Problem: As the answer, give exactly the lines of the records below from the one with "Una posada local" through the one with "Ai cam lai Mercedes-Benz", ends included and pictures left out.
== Segment start ==
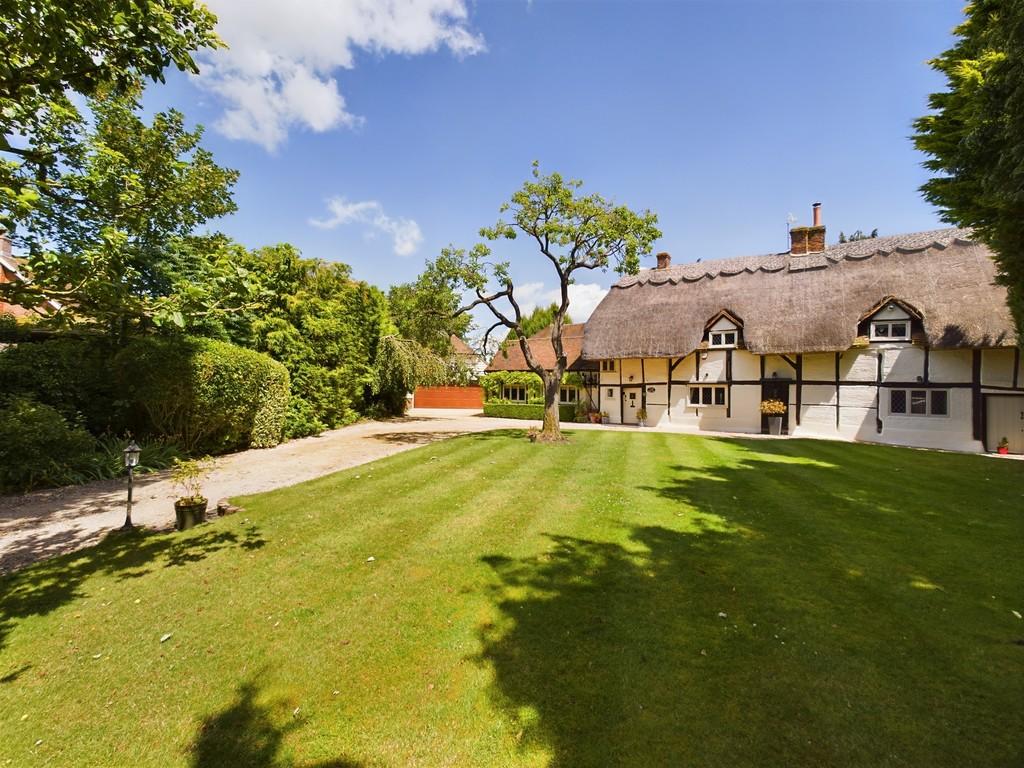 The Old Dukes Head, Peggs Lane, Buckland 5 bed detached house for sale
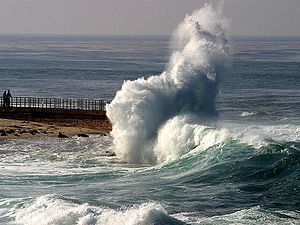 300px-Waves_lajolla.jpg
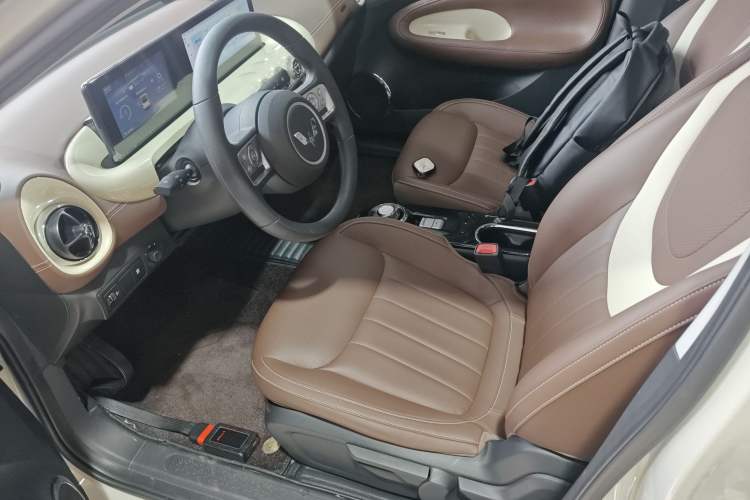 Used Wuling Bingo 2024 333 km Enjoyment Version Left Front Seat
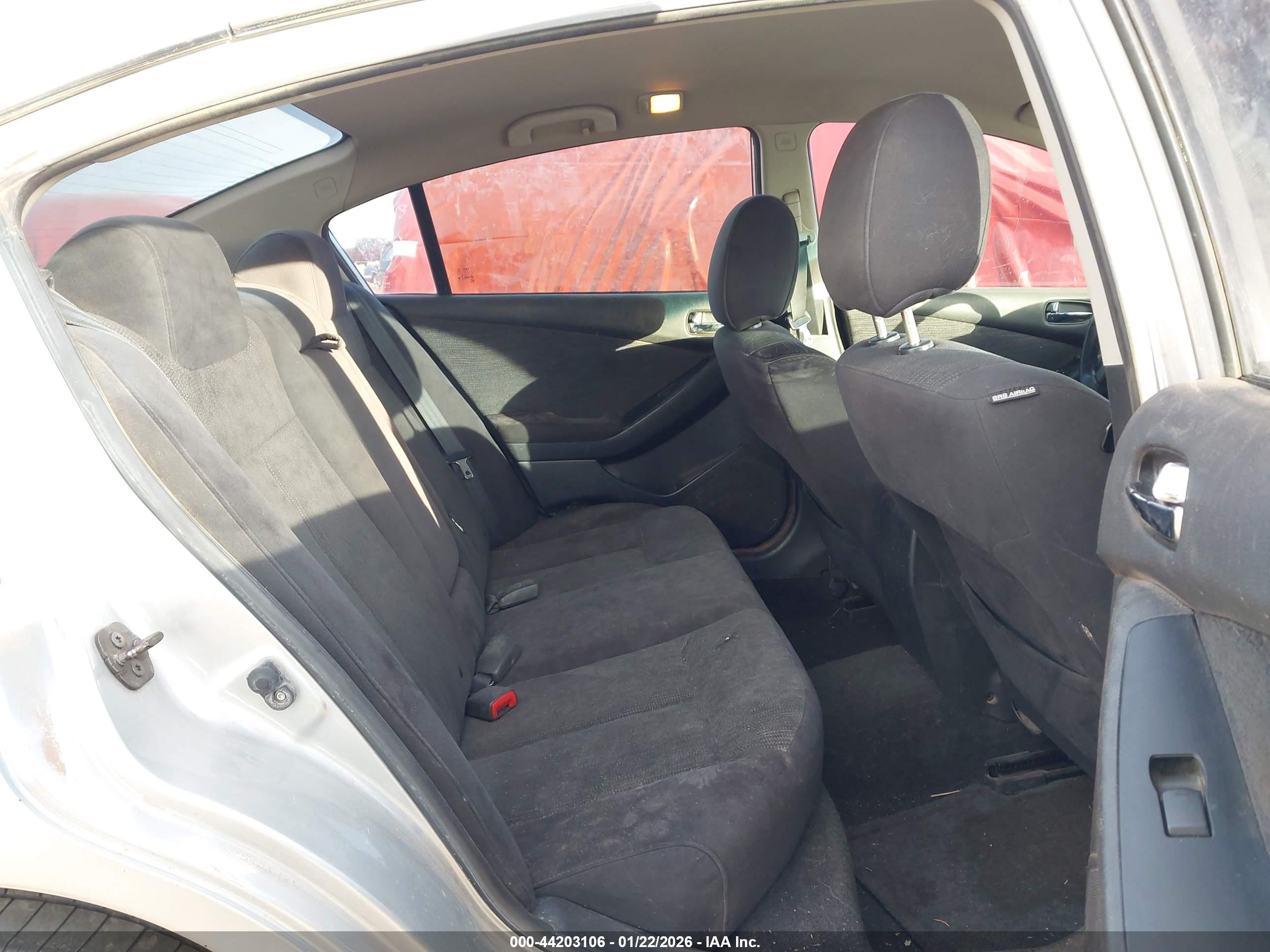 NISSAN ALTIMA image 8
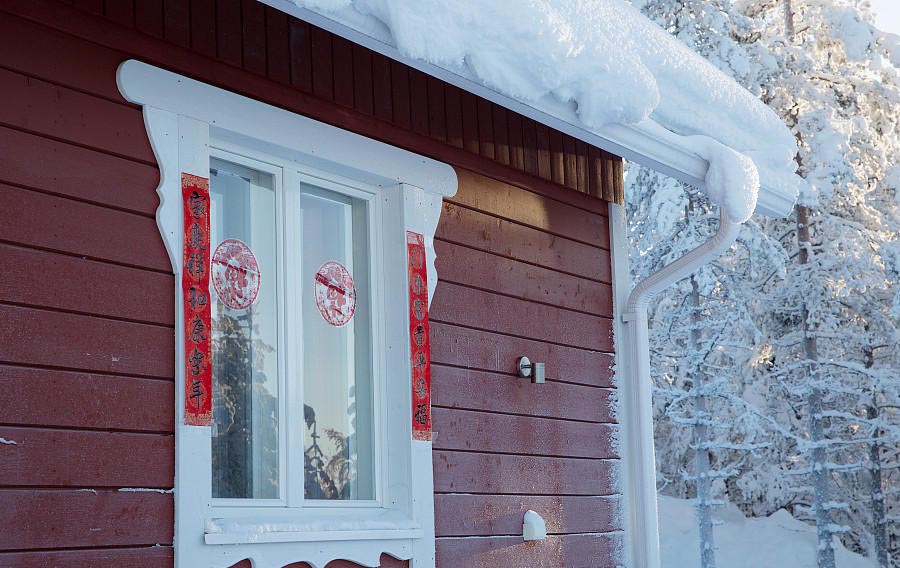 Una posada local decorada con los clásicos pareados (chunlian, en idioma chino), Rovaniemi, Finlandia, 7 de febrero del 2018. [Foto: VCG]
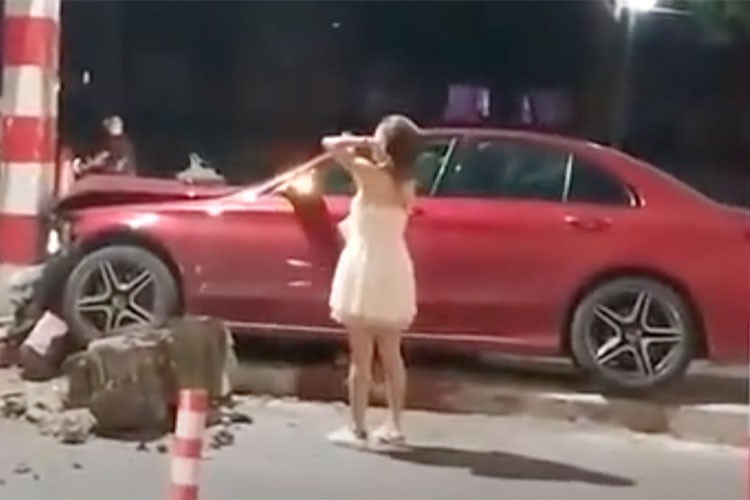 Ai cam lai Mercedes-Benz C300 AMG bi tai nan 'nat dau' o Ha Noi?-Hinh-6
== Segment end ==
== Segment start ==
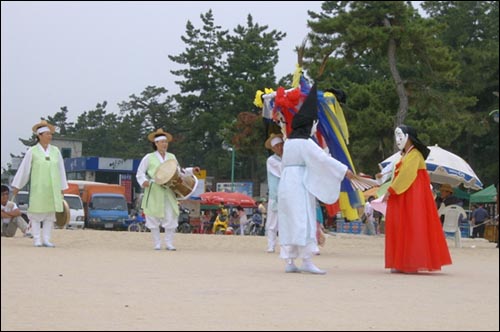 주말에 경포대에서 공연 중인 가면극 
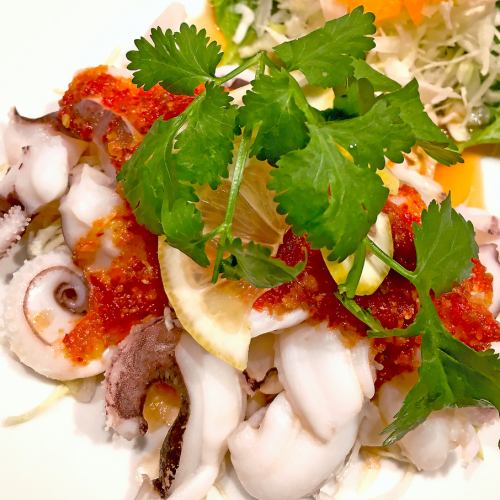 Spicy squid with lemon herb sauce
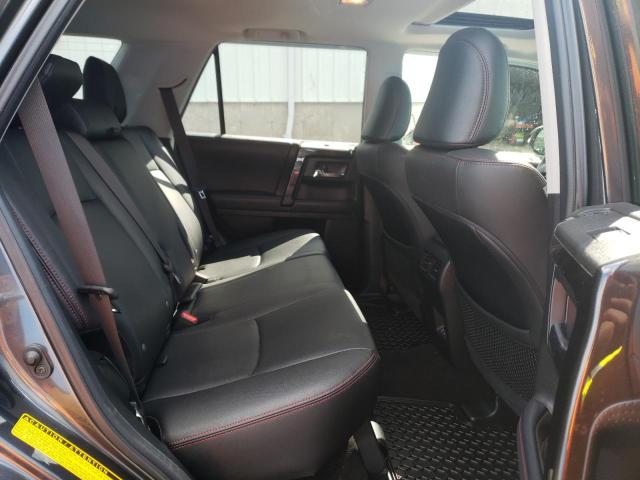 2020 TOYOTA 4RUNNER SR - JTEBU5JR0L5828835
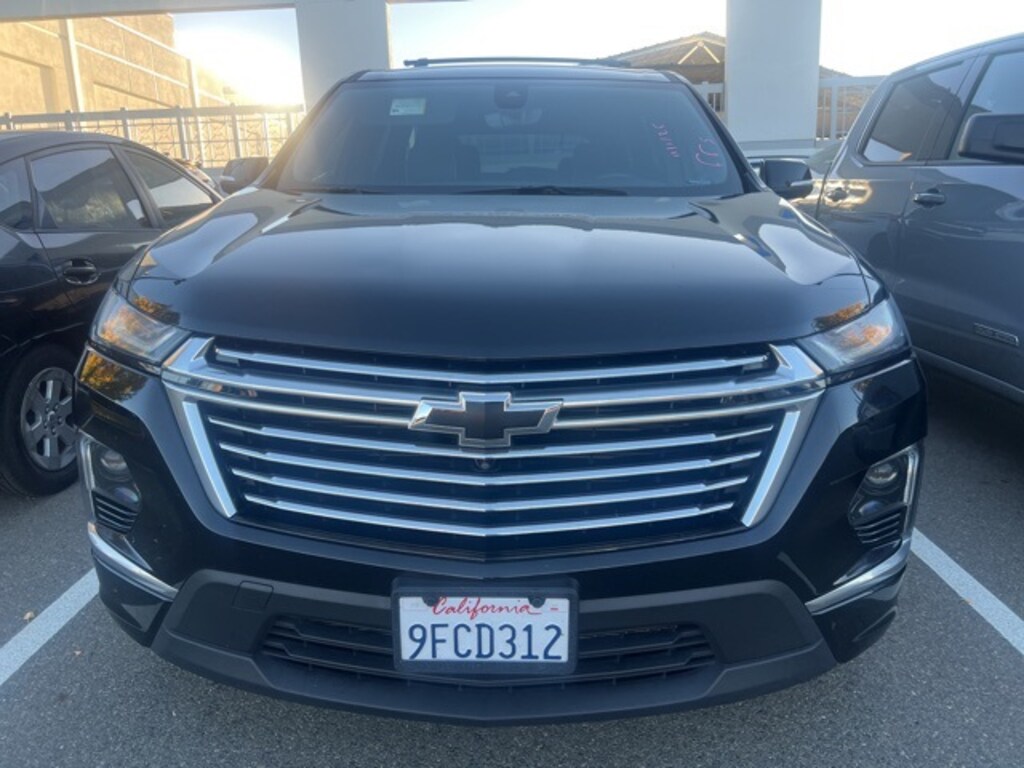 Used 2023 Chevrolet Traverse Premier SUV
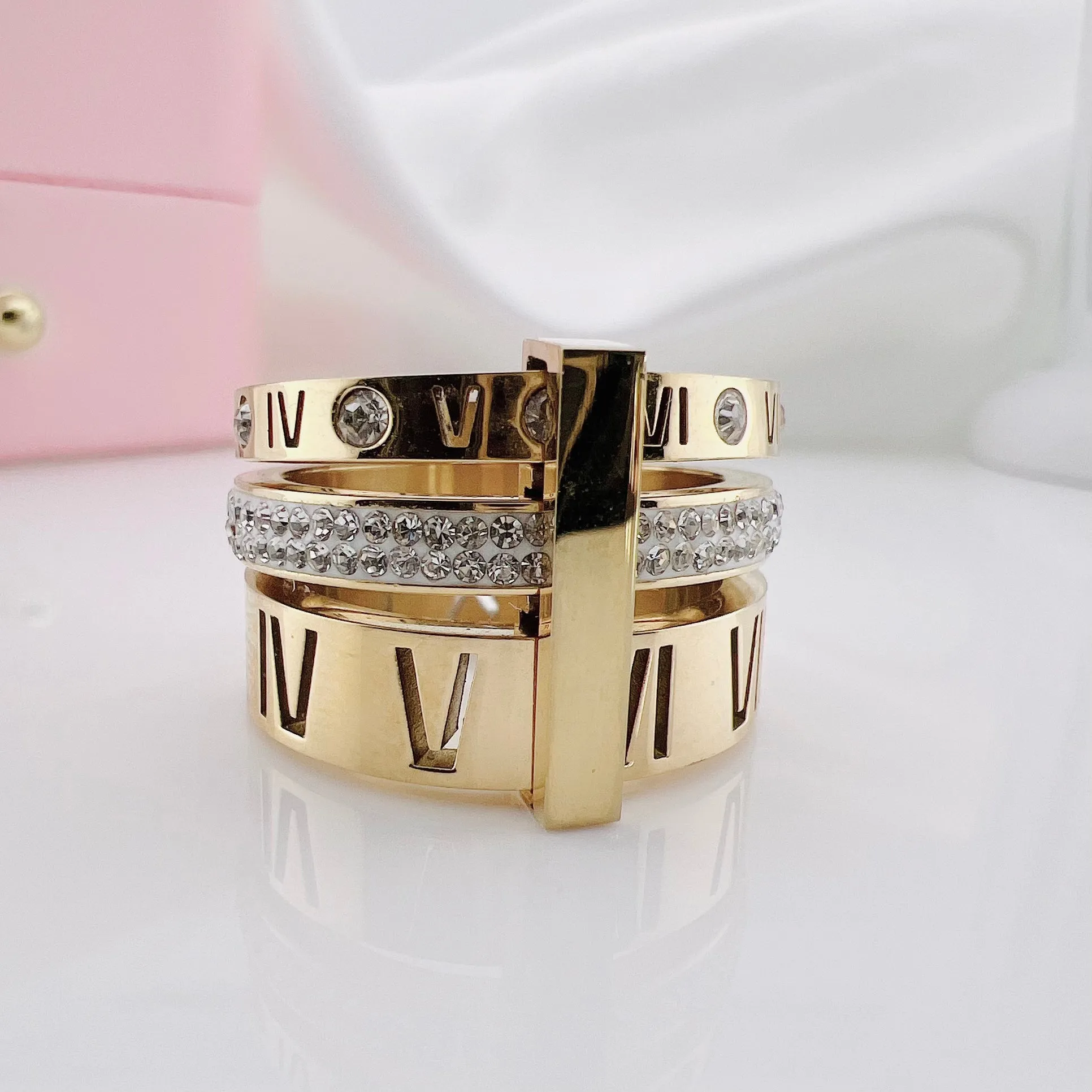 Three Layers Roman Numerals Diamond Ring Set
== Segment end ==
Answer box:
 Una posada local decorada con los clásicos pareados (chunlian, en idioma chino), Rovaniemi, Finlandia, 7 de febrero del 2018. [Foto: VCG]
 Ai cam lai Mercedes-Benz C300 AMG bi tai nan 'nat dau' o Ha Noi?-Hinh-6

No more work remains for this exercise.